Jeez thats a lot of data! Fortunately we have a couple of different ways to look at parts of the vector without looking at the whole thing.

We can look at just the first few elements with head()

> head(long)
[1] 1.0 1.1 1.2 1.3 1.4 1.5

# you can also specify how many elements you want to see
> head(long, 11)
 [1] 1.0 1.1 1.2 1.3 1.4 1.5 1.6 1.7 1.8 1.9 2.0

or just the last few elements with tail()

> tail(long)
[1]  99.5  99.6  99.7  99.8  99.9 100.0

# you can also specify how many elements you want to see
> tail(long, 11)
 [1]  99.0  99.1  99.2  99.3  99.4  99.5  99.6  99.7  99.8  99.9 100.0

or pick and choose sections of the vector by subsetting using [] brackets to select the position, or index, of the elements we want.

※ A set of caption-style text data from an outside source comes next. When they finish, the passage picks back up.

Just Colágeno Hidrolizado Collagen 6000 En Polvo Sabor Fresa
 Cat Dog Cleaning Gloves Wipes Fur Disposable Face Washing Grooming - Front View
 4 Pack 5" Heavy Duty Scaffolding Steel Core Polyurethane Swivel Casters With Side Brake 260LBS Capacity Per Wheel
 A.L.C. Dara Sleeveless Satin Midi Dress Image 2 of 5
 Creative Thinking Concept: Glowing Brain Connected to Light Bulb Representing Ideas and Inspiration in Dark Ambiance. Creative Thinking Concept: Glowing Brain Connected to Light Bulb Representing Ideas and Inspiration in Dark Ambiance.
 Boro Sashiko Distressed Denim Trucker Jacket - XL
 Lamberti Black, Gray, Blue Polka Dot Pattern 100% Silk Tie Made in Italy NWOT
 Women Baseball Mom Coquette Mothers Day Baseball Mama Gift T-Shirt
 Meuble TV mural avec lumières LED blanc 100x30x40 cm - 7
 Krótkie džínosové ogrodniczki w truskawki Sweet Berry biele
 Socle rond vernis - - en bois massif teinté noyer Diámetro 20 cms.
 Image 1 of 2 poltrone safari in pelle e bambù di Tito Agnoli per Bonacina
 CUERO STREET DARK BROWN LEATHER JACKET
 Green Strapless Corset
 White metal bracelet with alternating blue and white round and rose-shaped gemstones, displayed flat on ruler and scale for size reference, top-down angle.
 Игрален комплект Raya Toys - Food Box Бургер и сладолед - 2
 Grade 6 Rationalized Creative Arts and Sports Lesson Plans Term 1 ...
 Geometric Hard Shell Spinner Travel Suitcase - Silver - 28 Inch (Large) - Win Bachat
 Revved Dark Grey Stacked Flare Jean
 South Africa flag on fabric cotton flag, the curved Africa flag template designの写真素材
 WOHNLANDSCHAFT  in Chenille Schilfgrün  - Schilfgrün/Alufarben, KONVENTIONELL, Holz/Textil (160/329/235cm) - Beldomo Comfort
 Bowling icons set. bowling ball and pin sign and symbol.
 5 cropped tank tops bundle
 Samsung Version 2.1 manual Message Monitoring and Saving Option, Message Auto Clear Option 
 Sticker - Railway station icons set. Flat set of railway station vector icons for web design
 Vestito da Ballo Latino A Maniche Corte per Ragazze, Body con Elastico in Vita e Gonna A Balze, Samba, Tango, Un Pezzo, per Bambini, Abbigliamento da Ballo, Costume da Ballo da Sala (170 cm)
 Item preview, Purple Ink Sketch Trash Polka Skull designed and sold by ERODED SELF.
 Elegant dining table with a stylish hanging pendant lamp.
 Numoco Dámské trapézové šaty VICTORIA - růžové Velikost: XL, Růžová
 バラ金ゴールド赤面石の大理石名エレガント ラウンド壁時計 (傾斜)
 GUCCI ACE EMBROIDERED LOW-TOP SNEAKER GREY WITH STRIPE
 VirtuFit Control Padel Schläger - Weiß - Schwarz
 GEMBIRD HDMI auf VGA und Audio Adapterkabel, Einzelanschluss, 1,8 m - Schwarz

# we can subset a single index
> long[21]
[1] 3

# or a group of indices
> long[40:50]
[1] 4.9 5.0 5.1 5.2 5.3 5.4 5.5 5.6 5.7 5.8 5.9

# we can also use the "-" sign to look at a vector without an index or indices
> strings
[1] "a" "f" "c" "d" "e"

> strings[-2]
[1] "a" "c" "d" "e"

> strings[-c(2:5)]
[1] "a"

Note that indexing in R starts at 1. That is, if you want the first element of sample_vector you just need to type sample_vector[1]. Intuitive, right?

Modifying vectors

In addition to chopping up vectors by subsetting, we can also modify them or add to them by reassigning in the same way we'd assign a variable.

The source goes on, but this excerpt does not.